MPs halt eviction of tenants on railway land

Sep 05, 2011

MPs have halted the eviction of over 1,400 tenants on Uganda Railways land in Luzira and Nsambya to allow investigations into the sale of the land.

BY HENRY SEKANJAKO AND RAYMOND BAGUMA

MPs have halted the eviction of over 1,400 tenants on Uganda Railways land in Luzira and Nsambya to allow investigations into the sale of the land.

The halt came on Thursday after the committee on commissions, statutory authorities and state enterprises found anomalies in the method in which Uganda Railways Corporation sold its land in Port Bell.

They also protested the corporation’s transfer of the title of its Nsambya land to the Uganda Land Commission. A group of tenants under the Uganda Railways Tenants Association petitioned the committee, seeking its intervention into the sale of the corporation properties, including land, since 2005.

The tenants said the land title for the railway land in Nsambya was transferred to the Land Commission. They added that the corporation ignored the sitting tenants’ request to be granted first priority to buy and redevelop the land.

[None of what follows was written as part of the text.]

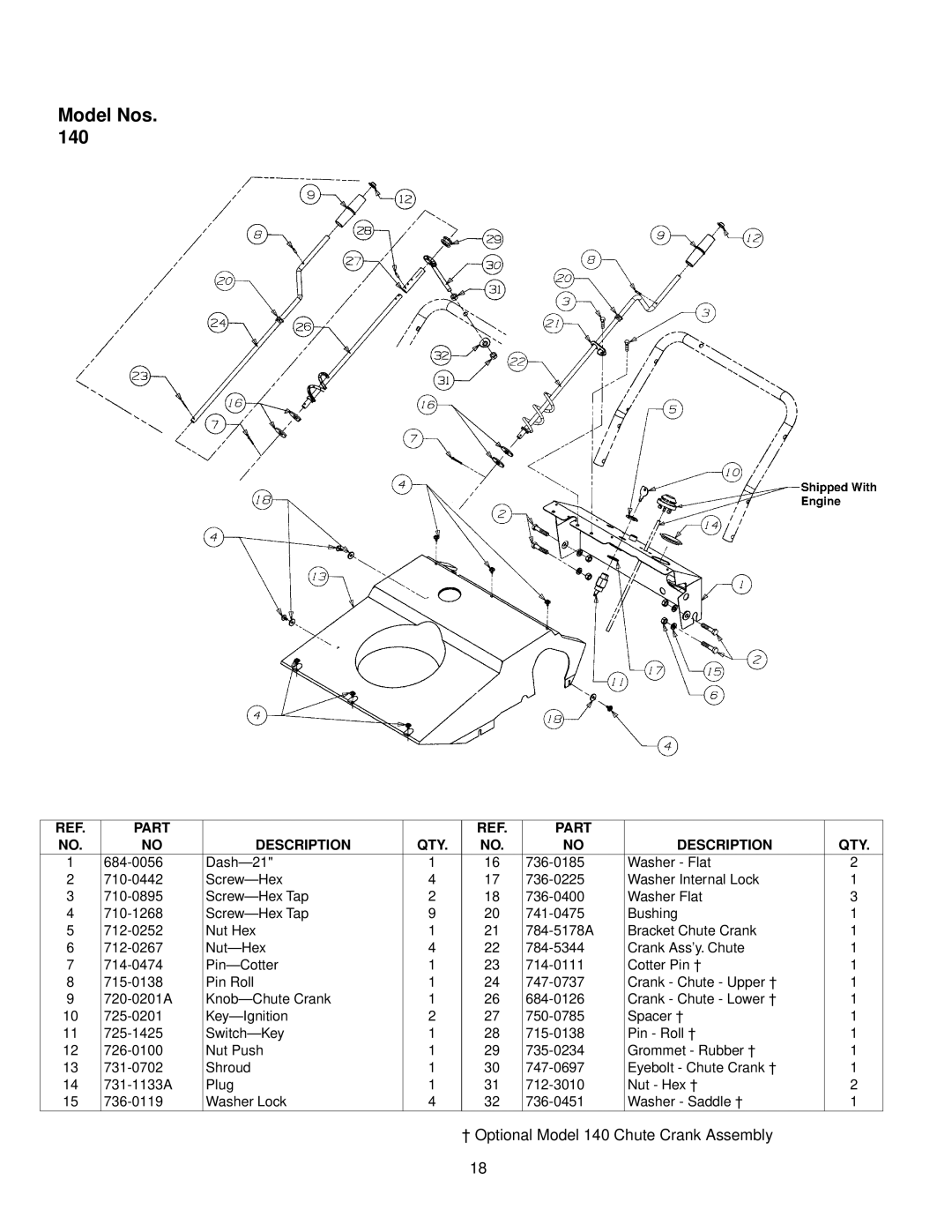 Yard Machines 152, 140 manual Model Nos 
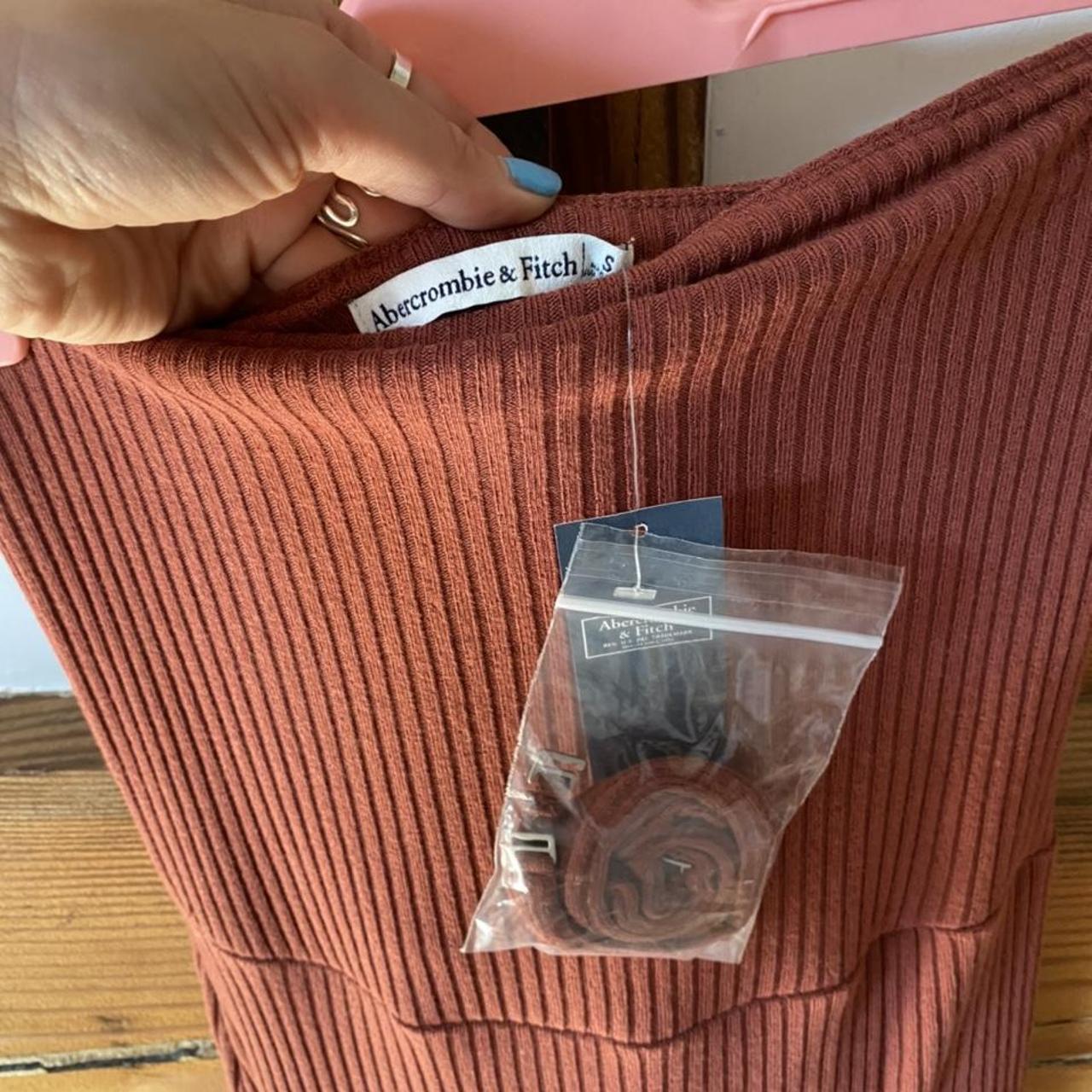 Abercrombie & Fitch Women's Orange and Burgundy Dress Depop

Isaac Ojok, the chairman of the tenants association, said: “We are law-abiding citizens with the capacity to buy and redevelop this land. Therefore, the give-away of this land to other developers without considering our request is detrimental to the law.”

The tenants also petitioned against the impending eviction of families in the Railway Estates in Port Bell after the corporation sold the land to National Housing and Construction Corporation. The land is located on plots 85-95, Chorley Crescent in Luzira.

Committee chairperson Patrick Amuriat said they resolved that the eviction of the tenants be stayed as the committee investigates to find ways of how the tenants could be helped.

The acting chief of the Railway Corporation, Emmanuel Iyamulemye, explained that the tenants on their Port Bell land were not given first priority to purchase because the houses were dilapidated and had been assessed as of zero value. As a result, the land was sold to National Housing.

However, the tenants said they were not informed that the houses were dilapidated.

They asked why the Railways Corporation kept on collecting rent from 2007 to October last year when the houses were found to be unfit for human habitation.

The tenants also questioned the procedure followed by the corporation in selling their other plots in Port Bell.

They accused the corporation of applying double standards in selling the land because they sold some of the plots to former workers of the corporation without subjecting the process to competitive bidding.